Nick looked back at her before going on. He leaned right up next to her; she could smell some kind of fancy, probably expensive cologne rolling off of him, like he'd been wearing that morning. His lips right by her ears tickled her cheek a bit, with his beard.

"Stay behind me," he whispered.

As he backed away, she turned her eyes up and nodded once, lightly. He seemed satisfied, at least enough to turn and press into the door. It came open with little resistance; Sara could see why as she followed him through it: there were splinters similar to their evidence, indicating some heavy damage already on it.

As she stepped into the room, she ground her teeth at the extra noise their feet made on the floors inside the old place. Lying around all over were the signs of the previous business conducted in the building; plastic bits in indiscernible chunks were piled randomly across the floor, and an endless onslaught of old paper work was visible in the still-shining sun of the day's winding down. Nick didn't seem to have taken much of this in, though, through his one-focus goal. He approached the corner at the doorway to the room steadily, and without looking away.

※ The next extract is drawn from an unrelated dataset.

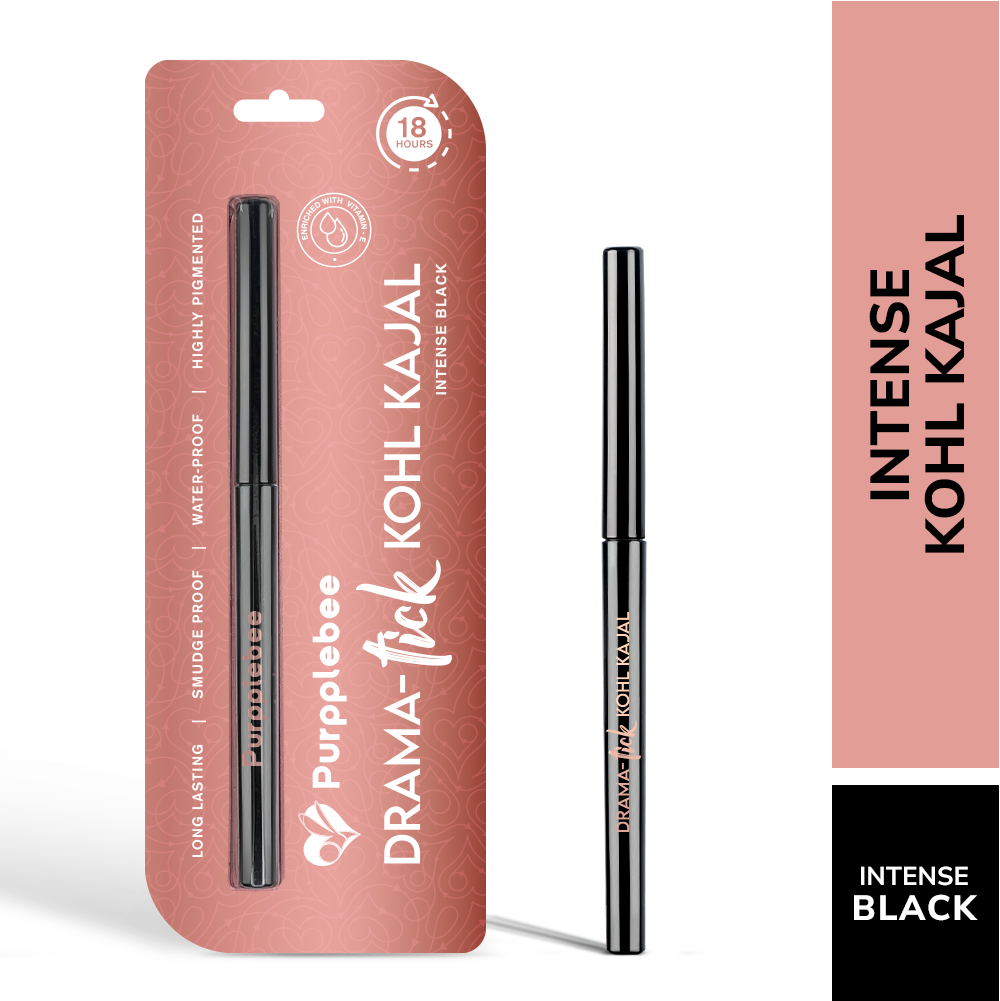 Purpplebee Creamy Smooth Kajal Pencil Enriched with Vitamin E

The shock that they had wanted to avoid came before they'd turned that corner, though. Just as she had noticed that she had gone close enough to all but walk into the back of him, he had thrown back an arm, and taken her with as he'd flung himself against the wall, weapon poised up.

"Good God!" shouted the voice of the other person in the room. "What are you doing coming in through the back!?"

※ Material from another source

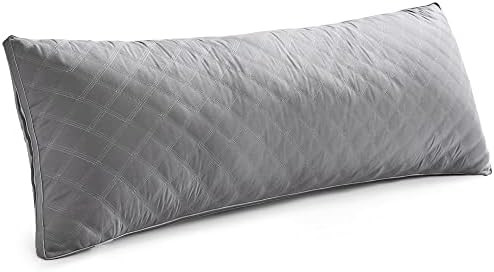 Body Pillow - Leeden Premium Grey Firm Fluffy Long Pillow - 21 x 54 Soft Plush Full Body Pillows ... | Amazon (US)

Sara sighed, half in relief, and half in irritation. "Brass..." she breathed.

"Oh, my God, Jim!" shouted Nick. "Why didn't you tell me you were here!?"

"I didn't think you'd be able to miss the cop car outside. You never told me you were going to come in the back way."

Nick stood up straight from where he had leaned against the wall. "That's how we found our way here. Morgan traced the splinters from the wood to this place."

Brass shook his head. "I'm not even going to ask how that one happened. Forensics has just come so far since I came back to detective-hood..."

"Timing of the business, nature of the doors kind of thing," offered Sara, in spite of the captain's assertions for unawareness about it.

"Sure," he accepted. "That part, we still know works well."

"Oh, yeah," said Nick. "Can't beat the classics." He exchanged a grin with Sara, and sent a wink to her before addressing Brass again. "Find anything while you were waiting for us?"

"Well, actually, I did. Didn't you get my text message?"

Sara's grin widened. She felt better, she knew, because it had just been Brass in the room, instead of a rabid homeless person, or a murderer in the middle of the crime. But knowing that Nick hadn't checked his phone like he'd claimed to have done was just as sweet.

And he knew it, too. "I, uh... Er... No. I didn't."

Brass closed his eyes, and sighed. "You're falling down on the job, Stokes. I found something you'll be very interested in. Something for your department."

Nick's lingering smile disappeared entirely. Rather for the grim anticipation, or the shot taken at his supervisory skills, Sara was not sure. She gripped his arm, hands wrapped around his upper arm in the hope that it would come off as a supportive move. He did not brush her off or shake her away, or make any sign that he didn't like it, as he hadn't done when he'd walked her all over the streets the night before. It was in that united position that Brass laid it out for them.

"We've got another dead body. An older lady... I saw her lying on the stairs as soon as I could get the front door open."

Nick glanced thoughtfully over at Sara. "Wait a second... That means somebody else forced open the back door."

He turned to look back at it, and she with him. The wind blowing through it gave off an ominous effect. She inhaled some of the fresh air coming through it to kill the negative association, and embraced the cold feeling that followed. That shiver could be her excuse for tightening her grip.